Kustomize overlay image tags: The bump-version.sh script updates newTag in all overlay kustomization.yaml files under k8s/overlays/. Kustomize rewrites image tags at apply time, so base K8s service manifests are not modified. The migration job image tag is updated directly since it is applied separately.

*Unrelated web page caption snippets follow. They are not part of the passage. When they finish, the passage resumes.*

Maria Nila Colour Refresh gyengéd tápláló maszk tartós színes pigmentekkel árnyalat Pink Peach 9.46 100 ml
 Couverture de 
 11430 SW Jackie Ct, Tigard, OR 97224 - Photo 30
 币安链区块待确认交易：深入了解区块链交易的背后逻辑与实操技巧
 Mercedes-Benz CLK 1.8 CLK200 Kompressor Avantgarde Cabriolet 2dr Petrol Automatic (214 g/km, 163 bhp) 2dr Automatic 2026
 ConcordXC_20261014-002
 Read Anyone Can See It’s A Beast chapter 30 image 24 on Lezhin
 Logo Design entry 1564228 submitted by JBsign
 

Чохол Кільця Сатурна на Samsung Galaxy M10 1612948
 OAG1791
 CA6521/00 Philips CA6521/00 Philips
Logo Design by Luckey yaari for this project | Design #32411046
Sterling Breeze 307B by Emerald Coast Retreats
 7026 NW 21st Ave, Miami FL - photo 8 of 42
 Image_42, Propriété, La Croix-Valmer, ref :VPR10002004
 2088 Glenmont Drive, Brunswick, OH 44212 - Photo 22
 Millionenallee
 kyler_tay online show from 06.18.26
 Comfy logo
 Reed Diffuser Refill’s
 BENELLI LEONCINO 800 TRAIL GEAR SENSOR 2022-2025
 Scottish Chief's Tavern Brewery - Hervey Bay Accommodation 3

Building images: Use scripts/build-images.sh to build all service images:

# Build with project version (read from pyproject.toml)
scripts/build-images.sh

# Build with explicit tag
scripts/build-images.sh 2.0.0

When building with a version tag (not latest), the script dual-tags each image as both :{version} and :latest for convenience with ad-hoc docker run commands and test Dockerfiles.

When to bump:

  • Patch (x.y.Z): bug fixes, minor changes
  • Minor (x.Y.0): new features, behavior changes
  • Major (X.0.0): breaking API changes

Version Tagging

Tag Format Description imagePullPolicy
x.y.z Semantic version from pyproject.toml IfNotPresent
latest Most recent build (dev only) Always
sha-{commit} Git commit SHA for traceability IfNotPresent

imagePullPolicy recommendations:

  • Use IfNotPresent for immutable tags (semantic versions, commit SHAs) to avoid unnecessary pulls
  • Use Always for mutable tags like latest to ensure you get the newest image
  • Deployments in this spec use semantic versions; add imagePullPolicy: IfNotPresent explicitly for clarity

Build metadata:

Images include labels for traceability:

labels:
  org.opencontainers.image.source: "https://github.com/erikevenson/galaxy"
  org.opencontainers.image.version: "1.0.0"
  org.opencontainers.image.revision: "<git-sha>"
  org.opencontainers.image.created: "<build-timestamp>"

Infrastructure Images

Service Image Rationale
PostgreSQL postgres:16-alpine LTS version, minimal footprint
Redis redis:7-alpine Latest stable, minimal footprint

Frontend Base Images

The web-client and admin-dashboard images must be built using an unprivileged nginx base image to support the security context (non-root, read-only root filesystem):

Service Base Image User ID
web-client nginxinc/nginx-unprivileged:alpine 101 (nginx)
admin-dashboard nginxinc/nginx-unprivileged:alpine 101 (nginx)

Dockerfile example:

FROM nginxinc/nginx-unprivileged:alpine
COPY dist/ /usr/share/nginx/html/
COPY nginx.conf /etc/nginx/conf.d/default.conf

Note: Standard nginx:alpine cannot run as non-root with a read-only root filesystem.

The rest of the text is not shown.